In our first installment of this series, we established the simple fact that price action in ALL financial markets behaves quite predictably around its open range of the actual pit session hours. Not every day… but more days than not. Anytime you can find any price behavior that repeats itself more often than not, you have just found yourself some part of a decided edge to predictable trend behavior.
It’s one thing to know whether price action is currently more bullish or more bearish on a statistical basis. But that’s not nearly enough information to exploit. We also need to know where price action is headed, and also where the distant turning points may be as well.

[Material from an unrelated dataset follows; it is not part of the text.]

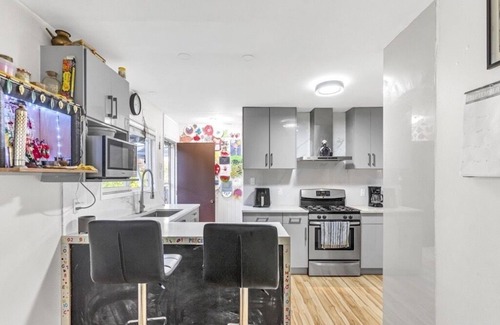 Clearbrook House | 3-bedroom duplex in west Abbotsford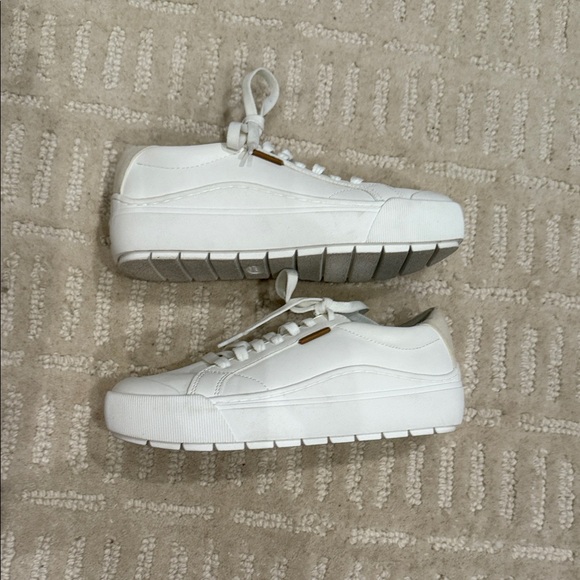 Dr. Scholl's “Women’s Time off” White Sneakers - Picture 3 of 10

The next step in our trend-filter process for intraday trading takes the initial open range zone, and adds some values to it. The actual levels I use to project/retrace high-odds price magnets to the chart are depicted in this fibonacci retracement bracket above. After literally years of testing, research and live observation, it was apparent that the 233, 382 and 500 zones had uncanny price attraction more often than not. I will be first to say that exact numerical levels are not resolute. I’m quite confident that the values of 250, 333 and 500 or 512 would all have similar blended results over time.
My open-range grid is drawn in the same direction as 5min price bar trends. A higher close from open means 100% is anchored at the low and 0% is anchored at the high of said (green) price bar. A lower close than open (red bar) means 100% is anchor at high with 0% anchored at low. On occasion where the opening bar is neutral (doji) in nature, I draw a double grid going both ways and mark the overlapped value zones where they blend.